When a tornado tore through Hackleburg, Ala., in April, it nearly destroyed the little town and killed 26 people. Dozens of houses were flattened, along with several businesses and buildings -- including the Wrangler factory, the largest employer in the town.
Pairs of the iconic blue jeans were found as far as 90 miles away after the storm. Many of the workers lost their homes and were also left without hope.
Plant manager Wade Hedgedorn took shelter under a table with 13 other workers when the twister blasted through the plant. One person died.
"Count to ten, the building was gone," said Hedgedorn. "Unbelievable."
The workers were worried that their employer would walk away like so many other businesses did.
"It was the people, we're all tight buds here," said Frankie Burrell. "We're family."
But in a display of loyalty, Wrangler announced that it would rebuild by opening a new plant in two years, and would add 50 new jobs.
"The night that we came down here to announce that we were rebuilding, I mean, I've been with the company 33 years, I don't think I've had a better day or better night that that," said Sam Tucker, the vice president of human resources at the company's jeanswear division.
In the meantime, every worker still has a job and benefits.
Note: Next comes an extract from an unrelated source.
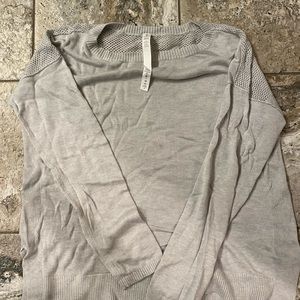 Lululemon sweater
It only took a few weeks for the company to move to a refurbished warehouse about 80 miles away.
"This is a very loyal, longtime workforce here," Tucker said. "Actually, we've had a presence here in the town of Hackleburg since 1966. ... So we have a veteran workforce here that are very loyal."
The company drives the workers to their temporary space, so the company can continue to ship jeans while it rebuilds the old plant. Hackleburg is still the best location to meet Wrangler's shipping needs, and the company didn't want to lose the workforce made up of highly-skilled Americans.
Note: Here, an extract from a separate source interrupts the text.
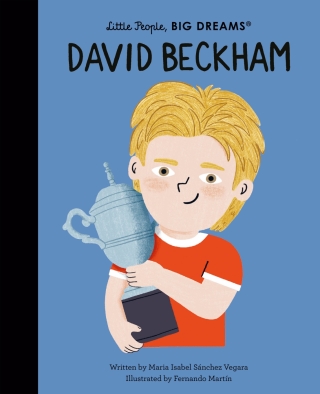 Imagen de portada: David Beckham 9780711298163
Myra Hall worked for the company for 33 years.
"Wrangler stepped up to the plate," she said. "I mean, they took care of us."
Charlotte Walter, who has worked at the company for 20 years, said Wrangler has taught her to be more considerate of people, because that's the treatment she received.
"In abundance," she said, in tears.
Donna Fredrick, who has worked for 15 years at the plant, lost her home -- but today, she's also rebuilding. She'll work forever for a company that stands by its people, she said, and is bringing America back, one family at a time.